Wednesday, September 21, 2016

Books I read in August and September

I was so late  I thought I might as well combine these, even though I expect to read a few more by the end of the month.

Changes (The Magic Jukebox Book 1) by Judith Arnold
You know what I thought of this one.

A Civil Contract by Georgette Heyer
I reread a bunch of Heyer, because I wasn't well for a few days and a Twitter conversation sparked some nostalgia. I have reread this book at least twice because I didn't remember reading it earlier, which is not much of a recommendation. I get Heyer's going for how some life partnerships can be reasonable and practical rather than romantic and passionate, but fuck that. As usual, the heroine is much better and smarter than the hero, and she deserves a man who's wild about her, not one who is vaguely condescending and thinks she's not pretty and doesn't have the right background, but after all she's really nice and her father gave him a lot of money so he could continue the upper class life he's used to and even become a gentleman farmer because he's not one of those idle rich. 
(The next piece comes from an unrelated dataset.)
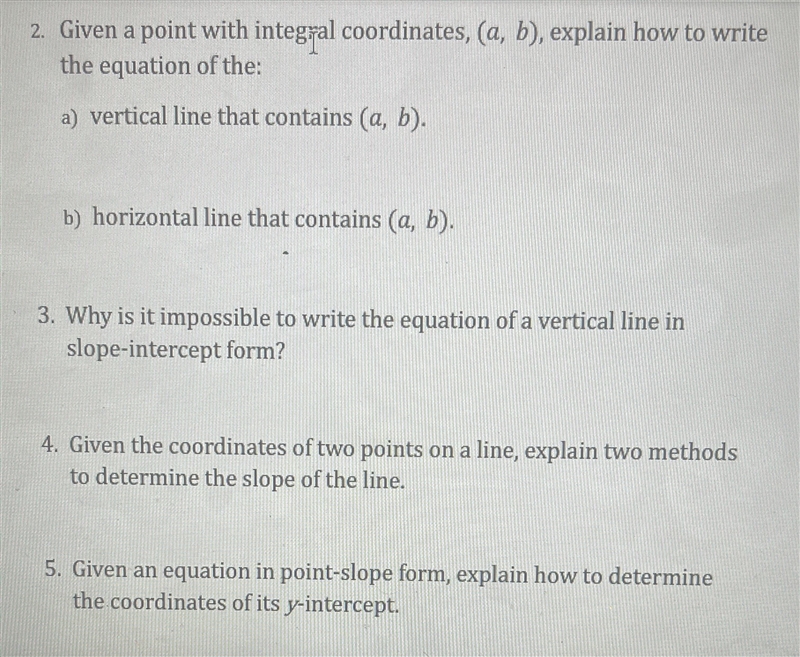 HELP HELP HELP If your an expert please help me do these 5 quick algebra 1 questions-example-1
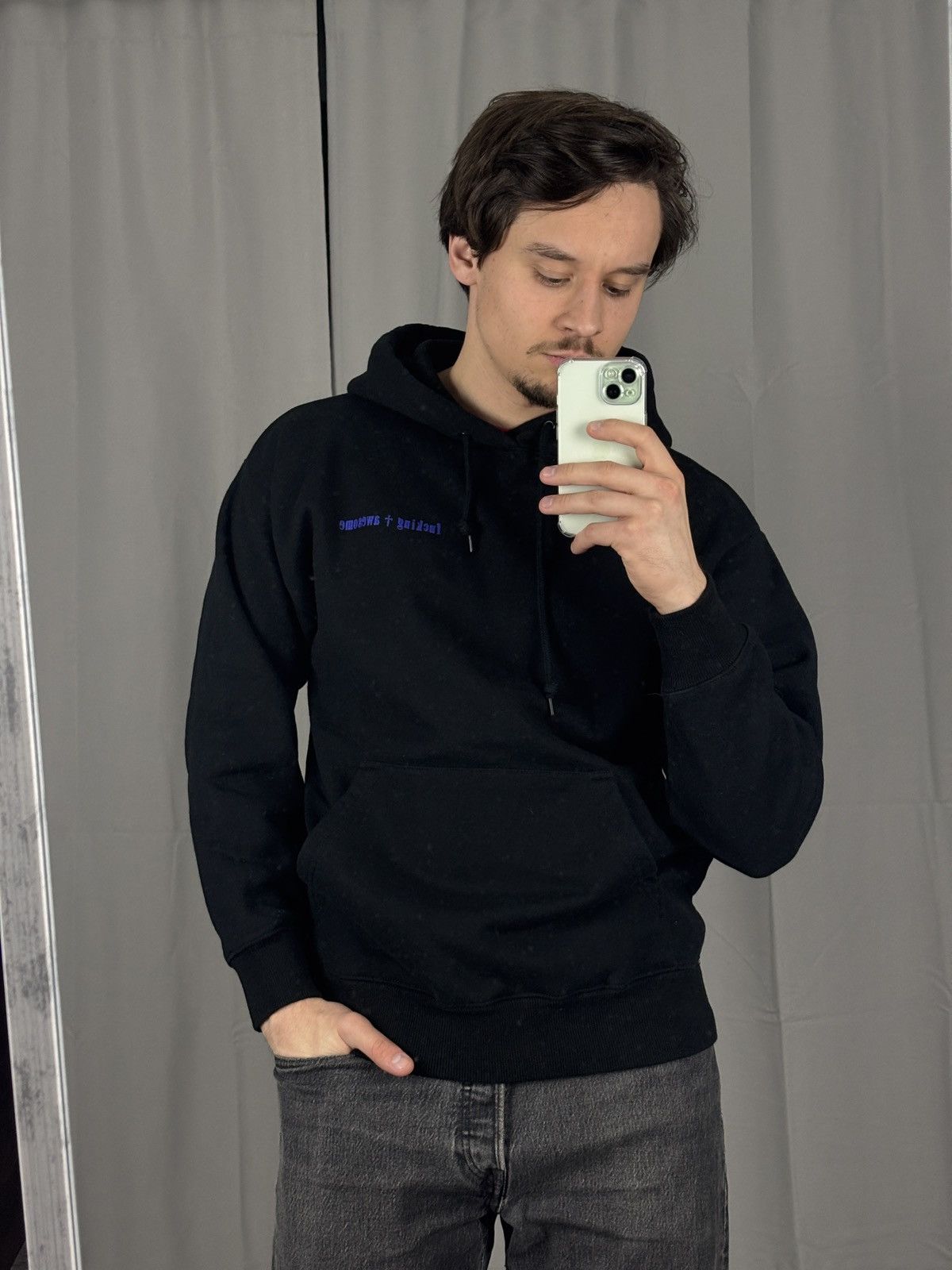 Fucking Awesome Fucking Awesom Metallica hoodie mens black Size US M / EU 48-50 / 2 - 8 Thumbnail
The Corinthian, also by Heyer
I think I read this before too, long ago. But this was much more enjoyable -- a cross-dressing young heroine, an annoyingly arrogant and privileged but not thoroughly unlikeable hero, lots of adventure with just a bit of romance. I recommend it!

The Masqueraders, also also Heyer
One of my favorite Heyers. A cross-dressing brother and sister. The heroine plays her role as a man till nearly the end, and the hero doesn't patronize her (much) or lecture her (much). Very fun, though it has the usual tropes about men -- even fat men, like our hero -- needing to be macho and women -- even women like our heroine who convincingly masquerades as a man in society -- never being as strong or brave as men. Highly recommended.

Lady of Quality, last Heyer I promise
I've read this several times (I don't know why). It's all right, but definitely not as fun as her best.

I also found this series of reviews of Heyer books, and the reviews are excellent and I read them all.

The Ides of June by Rosemary Rowe
And because I was on vacation, I read another Rosemary Rowe. This was less murder mystery and more "this is how people used to travel when Britain was occupied by Rome", so -- fun, but a bit unsatisfying given what I was expecting.

Harry Potter and the Cursed Child by JK Rowling
The less said the better. I wish I could forget this exists or that I ever read it. It was the most boring, awful tripe.

Bicycle Dreaming by Mridula Koshy
This was an absolutely stunning book. I don't even know how to describe it -- read the description, and know that Noor is relatable and brave and normal and you root so hard for her to be happy. Ajith is pretty cool too.

Conversations that Make the Complex Sale
I read this because I thought it would be useful for work (I'm in marketing) but it was pretty meh. Moving on.

The Second Sex by Simone de Beauvoir
I finally got around to finishing this classic. Parts of it were brilliant, but her views on queer and trans people were pretty abhorent, and the book is so long-winded I was bored to tears through some of it. I'm glad I read it, nonetheless, and much of the book is pretty good (and there are surprising flashes of humour).

Dick Tracy by Max Allan Collins
I borrowed this from the hotel while I was on vacation, and it was pretty fun, with all the usual problems (especially sexism). It's based on the movie, funnily enough, and is a pretty fun standard crime-fighting thriller.